The actionable safety issues that would come up if the AI is like the Chinese economy would be very different from the actionable safety issues that would come up if the AI is like a self-improving chess playing program, which would be very different from the actionable safety issues that would come up if the AI is of the type that Eliezer’s publication describes.

Given the paucity of information available about the design of the first AI, I don’t think that the probability of doing safety research on a particular model being actionable is sufficiently high for such research to be warranted (relative to other available activities).

Even if that were so, that’s not MIRI’s (or EY’s) most salient comparative advantage (also: CFAR).
1. Eliezer made a major contribution to increasing rationality with his How To Actually Change Your Mind sequence, which improved the rationality of many people who I know, including myself.
2. MIRI could engage in other AI safety activities, such as improving future forecasting.
3. If an organization doesn’t have a cost-effective activity to engage in, and the employees recognize this, then they can leave and do something else.
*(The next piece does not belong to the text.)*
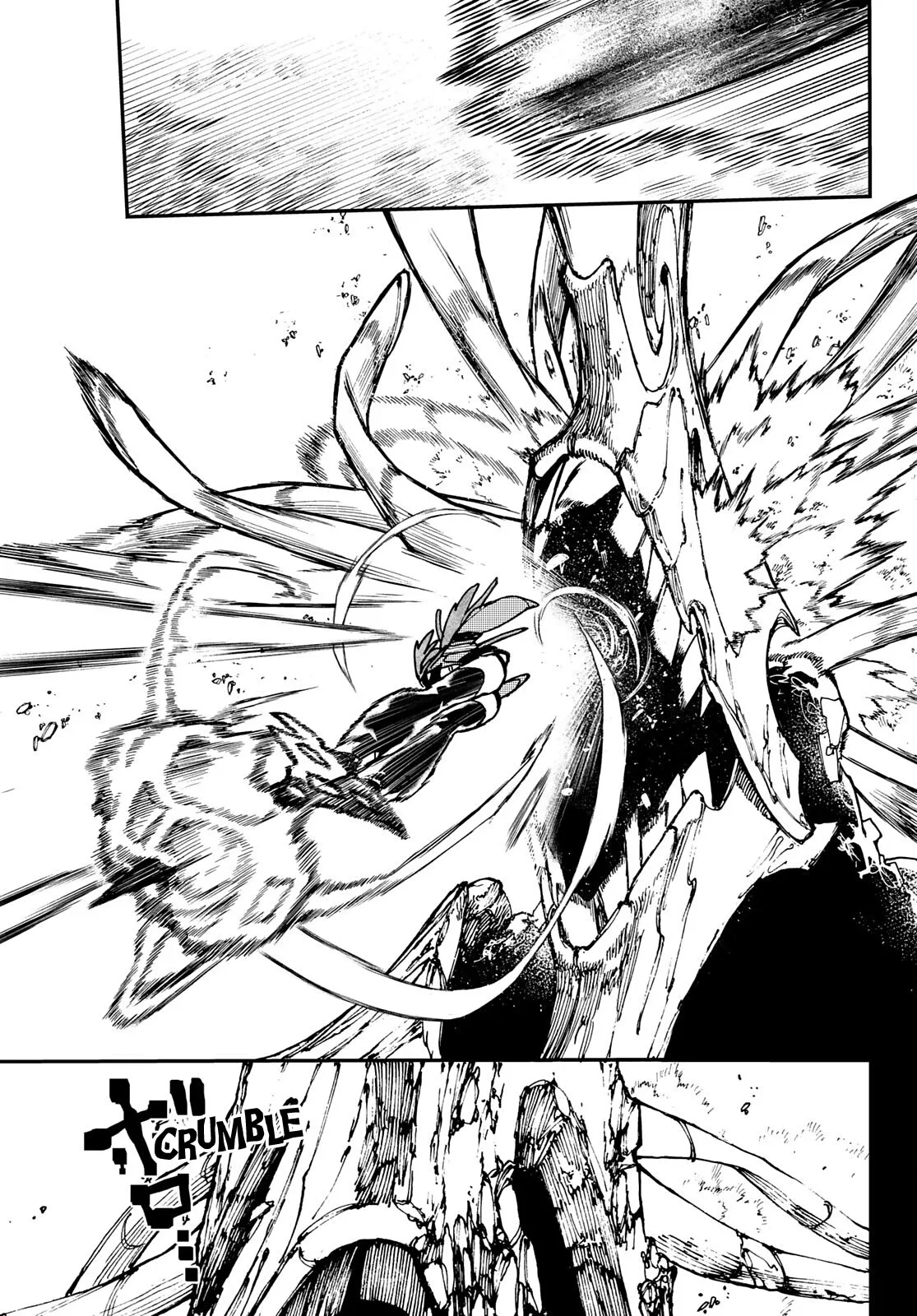 Gachiakuta Chapter 10 page 18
Here I’m not claiming that this is in fact the case of MIRI, rather, I’m just responding to your argument.
4. MIRI’s staff could migrate to CFAR.
5. Out of all of the high impact activities that MIRI staff could do, it’s not clear to me that Friendly AI research is their comparative advantage.
What links here?
- homunq 23 Jun 2013 2:35 UTC
  0 points
  0
  Parent
  Also, even if we accept that MIRI’s comparative advantage has to do with having a clearer view of the Friendliness vs. UnFriendliness distinction, why wouldn’t it be more effective for them to try to insure against an UnFriendly outcome by addressing the UnFriendliness already in the world today? For instance, corporate governance. Corporations’ optimization powers are a tremendous source of human happiness, but their UnFriendly tendencies are clear. For now, corporations have only parasitic intelligence, and don’t look particularly foomy, but if I had to bet on whether MIRI or Google/TenCent/Palantir/whatever was more likely to foom, there would be no contest.
  
  [There are a bunch of assumptions embedded there. The principal ones are:
  1. If a corporation, as currently constituted, somehow went foom it would be likely to be UnFriendly
  2. If we were able to make it so corporations appeared more Friendly in their day-to-day actions, they would also become less likely to rush headlong into an UnFriendly foom.
  I think 1 is pretty undeniable, but I could understand it if someone disagreed with 2.]